Toni, c'est qui ?
Pas n'importe qui !
Cette romancière, professeur de littérature et éditrice américaine est la huitième femme à recevoir le prix Nobel de littérature en 1993, mais le seul auteur afro-américain à avoir reçu ce prix.
C'est dire !
Pour l'info Chloe Anthony Wofford (ndlr : son vrai nom) est née le 18 février 1931 aux Etats-Unis.
Pourquoi on l'a-do-re ?
Parce que lire un roman de Toni Morrison, c'est entrer dans un autre monde, pour un voyage initiatique qui vous change à jamais.
Le labyrinthe de la narration nous perd, nous retrouve, nous reperd, et nous laisse finalement sans force, face à nous-même. Parfois, le roman reste longtemps en nous, comme une bombe à retardement ; et longtemps après, il garde et irradie encore son message, ses interrogations, sa musique.
Parce que son style est lyrique et sans complaisance, ses personnages sont forts et féminins, son univers est traversé de moments magiques, merveilleux.

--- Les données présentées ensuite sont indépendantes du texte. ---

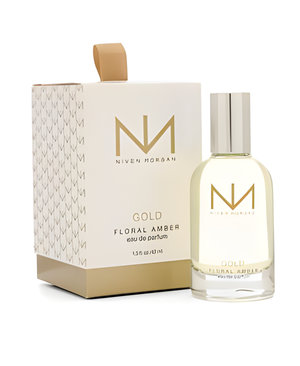 Gold Scent by Niven Morgan perfume bottle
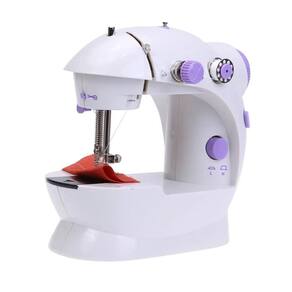 Mini Máquina De Costura Reta Profissional Portátil, Bivolt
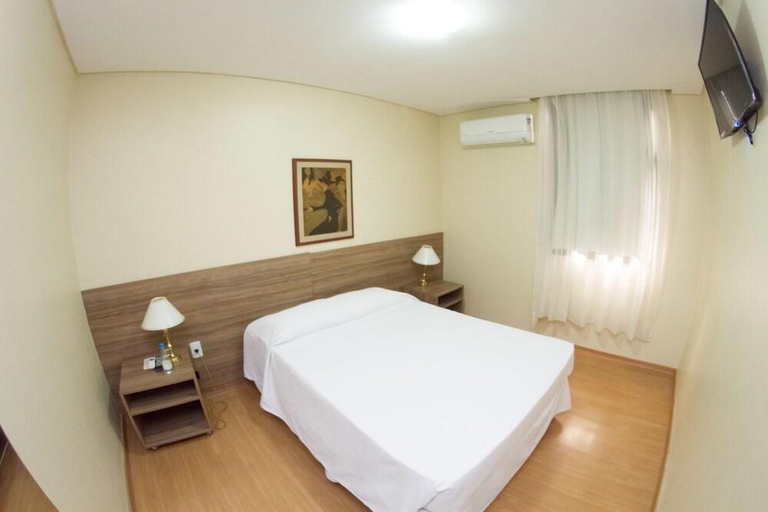 Bedroom 3, Hotel Embaixador, Porto Alegre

Son thème principal est de décrire la situation des Noirs américains, l'horreur de l'esclavage et la difficulté de se frayer une place dans le monde nord américain.
Tiens, ça m'intéresse... Alors je lis quoi d'elle ?

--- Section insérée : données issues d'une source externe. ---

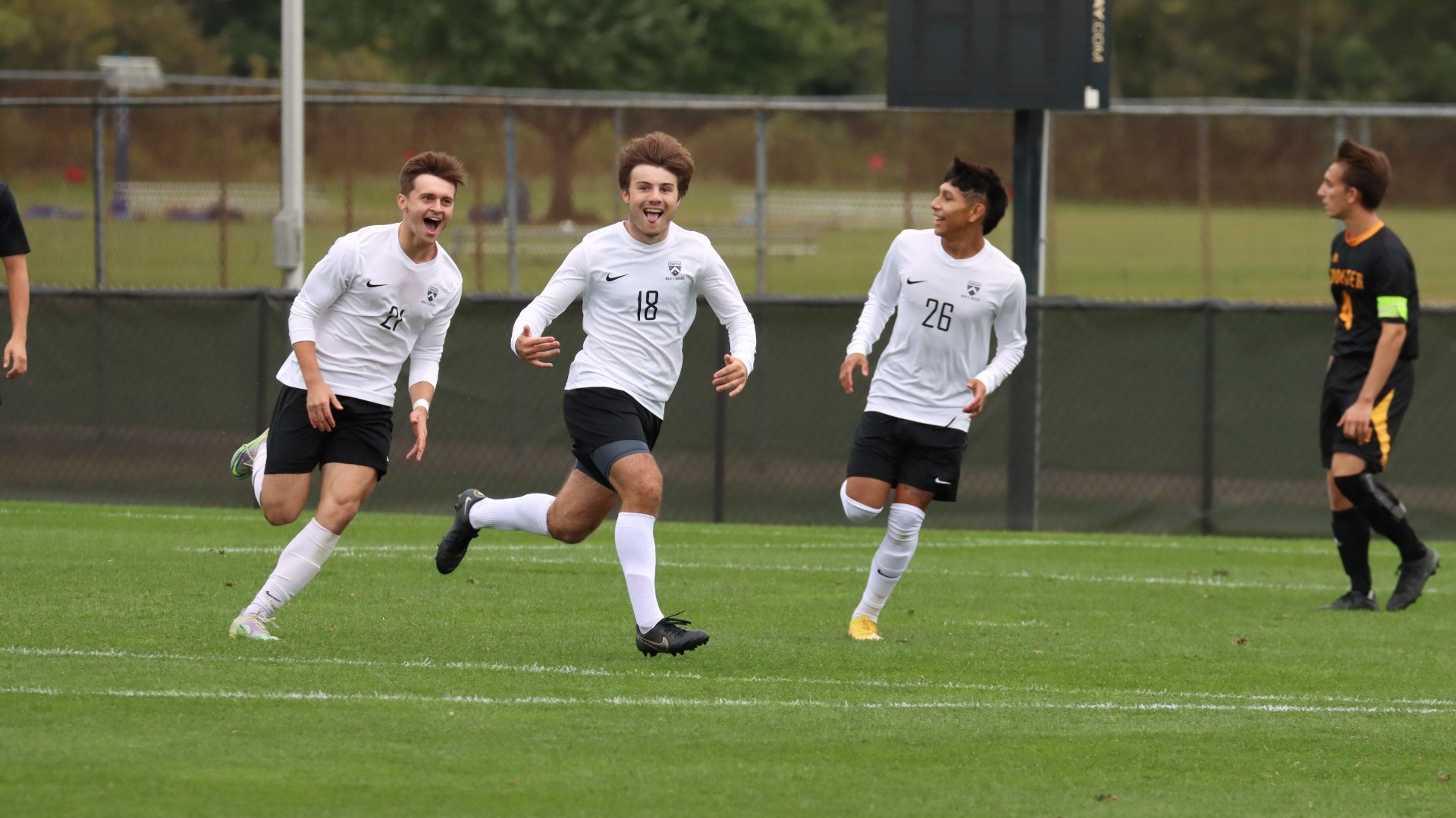 Isaac Cortez 2023 Men's Soccer Kenyon College Athletics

- "Beloved" est le plus connu et le plus lu de ses romans.
Une mère, apprenons-nous dès le début, a tué sa fille. Nous la suivons, dans sa vie quotidienne parsemée d'évènements étranges, merveilleux, sans comprendre ;
en retenant notre souffle ; puis en craignant de comprendre ; et puis en comprenant, et alors l'horreur nous glace.C'est l'histoire d'un questionnement qui vient de l'au delà, ou peut-être de sa fille survivante : pourquoi ?
Il n'y a qu'un seul moyen de le savoir, c'est de rentrer dans ce roman hallucinant, dont on ne sort pas indemne.

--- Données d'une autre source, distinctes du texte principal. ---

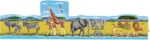 Melissa & Doug Safari Linking Floor Puzzle (96 pc) - Image 3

- "Paradis" est le deuxième roman dont je voudrais parler.
On y rencontre des femmes seules en rupture de famille, qui se retrouvent dans une maison à l'écart d'une petite ville, Ruby, fondée par des Noirs qui voulaient y édifier une cité parfaite. Les habitants de la ville se haïssent, se méprisent et se déchirent eux mêmes.
Toni Morrison nous entraîne avec une force presque magique au plus profond du coeur des hommes et des femmes qui composent le roman. Sans complaisance, mais sans jugement, les personnages sont impitoyablement disséqués, fragiles, pitoyables, haineux, blessés, douloureux. Devant nous, les opprimés se transforment en oppresseurs, sans que l'on n'y puisse rien, et, comme pour la mère de Beloved, c'est en retenant notre souffle et les larmes aux yeux que nous voyons des êtres humains ordinaires basculer dans l'abjection.Ils auraient pu être nous, nous aurions pu être eux, dans cette inéluctable montée de la violence.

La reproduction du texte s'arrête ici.